Wow - I have seen a lot of strange, sad comments in here. The one that takes the cake: "Consider you save your laptop from melting down, even alienware laptops will eventually die from gaming." Wow. Obviously someone that never owned an Alienware. I have seen dead Alienwares, certainly. The last one had someone drop a couch on the screen. Seriously. None dead from gaming.
So, lets look at a few things folks.
1: All of you commenting on the 4x electrical connection misread the statement in the article. "The input card looked like it was a PCI-Express 8x card, and upon asking we were told that it was actually operating over just four lanes" The INPUT card. You know, the one with the USB ports on it. THAT is the card running on 4x lanes. Now then, looking at:
http://ark.intel.com/products/78930/Intel-Core-i7-4710HQ-Processor-6M-Cache-up-to-3_50-GHz , it appears the CPU only supports 16 lanes total. So something has to happen here. Most likely (this is a guess) there is an electronic switching device internally to send 16 lanes to the GPU and 4 lanes to the IO. Consider for a moment, that there are up to 8 PCI-E 2.0 lanes offered up by the PCH. It is very possible that 4 lanes are being used for the IO device, and the last 4 used by the system internally.

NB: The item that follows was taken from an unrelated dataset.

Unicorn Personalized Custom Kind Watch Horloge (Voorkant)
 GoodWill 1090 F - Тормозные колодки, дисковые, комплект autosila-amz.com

Audio and 1 Gig-E port are supplied by the PCH, so the remainder could easily be used for the M.2 ports... There is a lot of complaining done about bandwidth, when the chip itself is certainly capable of it, and NOTHING so far has indicated that bandwidth is actually an issue.
Now, lets look at the REAL issues that came with this. First and foremost, Alienware did away with CPU and GPU upgrades across their entire mobile lineup. They also limited the amount of RAM available (from 4 slots on the 17 to 2 slots - thus a 16GB limit), limited the VRAM on the GTX980m (from 8GB to 4), did away with metal chassis (to a carbon fiber/plastic mix), and killed the 18 entirely - so no more SLI.